EXERCISE BRIEF:
Look in the data below for the line that has "Married couple facing apart.", then print exactly every line from there through the line that has "2015 Honda CR-V", leaving pictures out.

DATA FOR ANALYSIS:

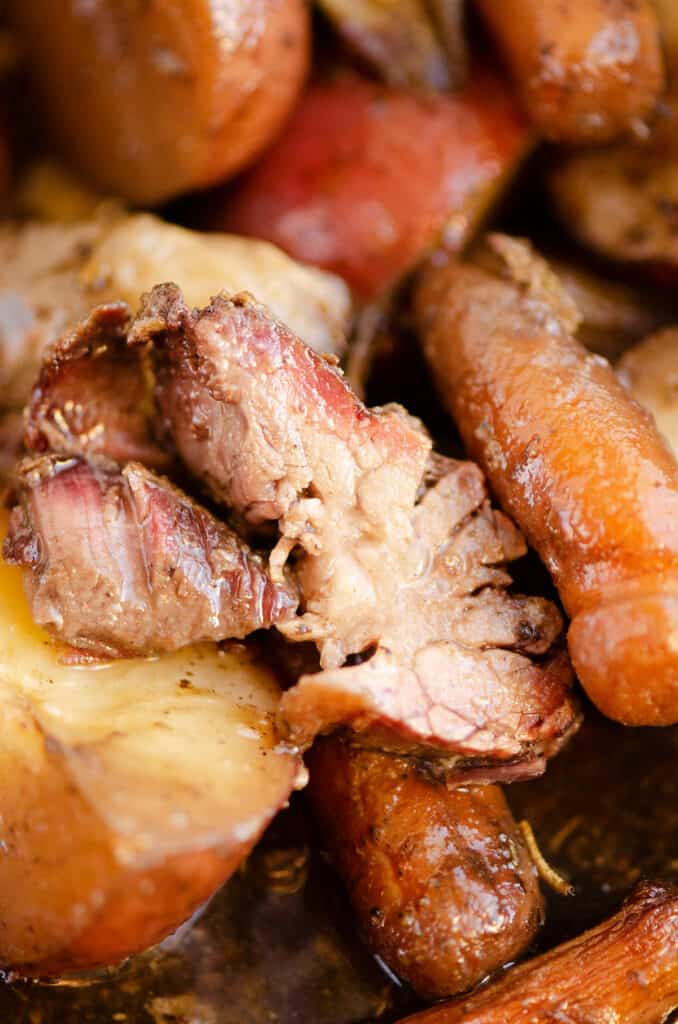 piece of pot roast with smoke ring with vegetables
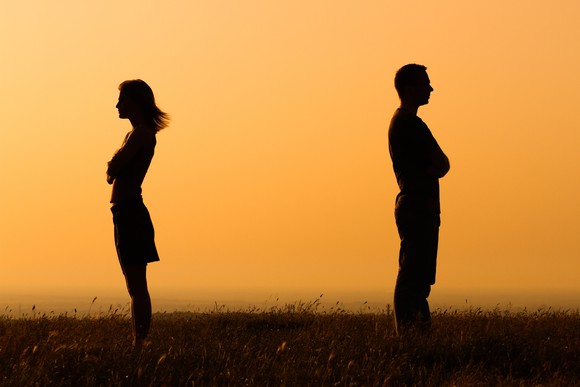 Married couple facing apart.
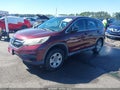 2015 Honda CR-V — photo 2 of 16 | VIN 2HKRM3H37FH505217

==

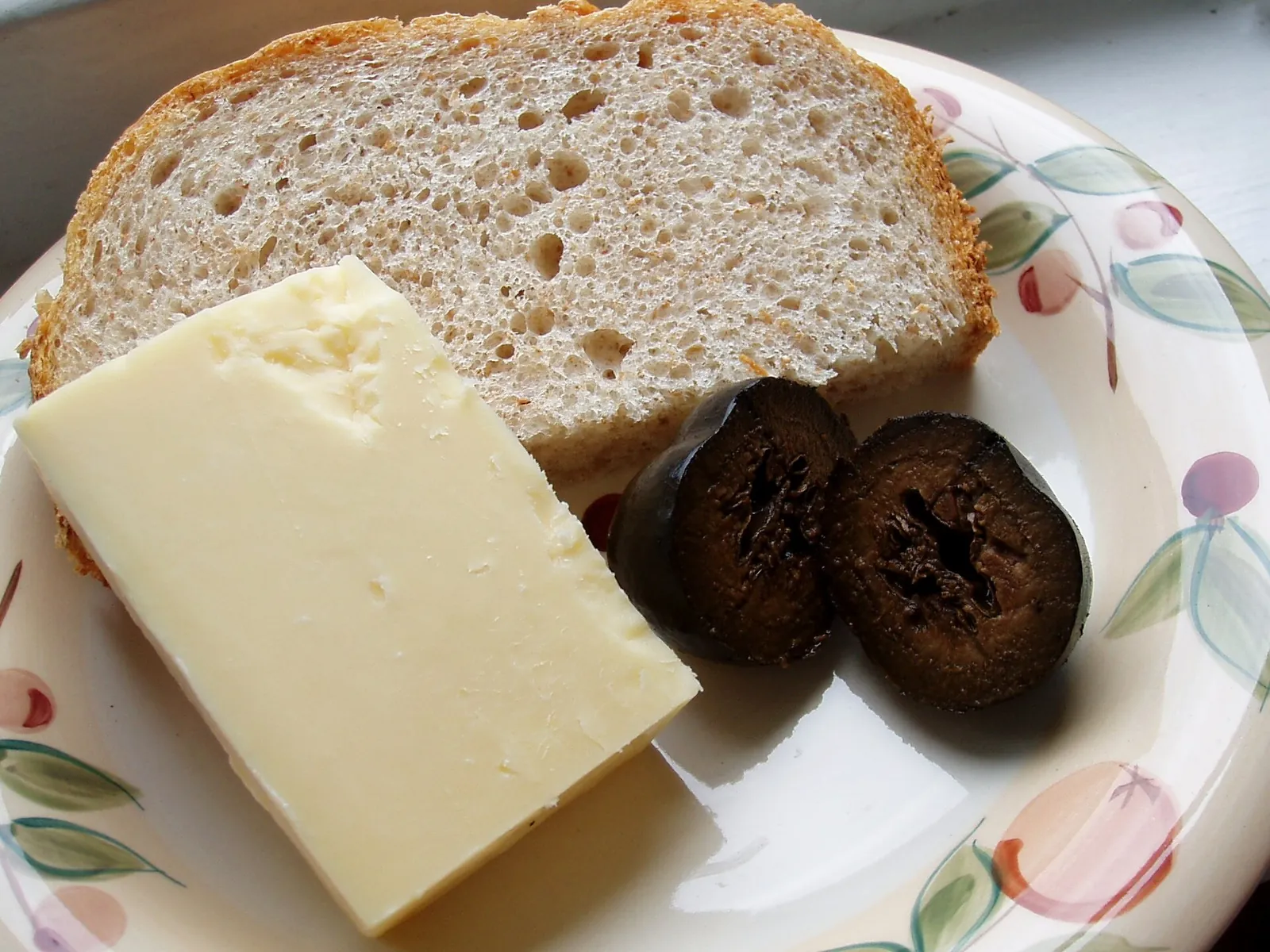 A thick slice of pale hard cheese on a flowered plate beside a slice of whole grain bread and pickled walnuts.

RESULT OF THE TASK:
 Married couple facing apart.
 2015 Honda CR-V — photo 2 of 16 | VIN 2HKRM3H37FH505217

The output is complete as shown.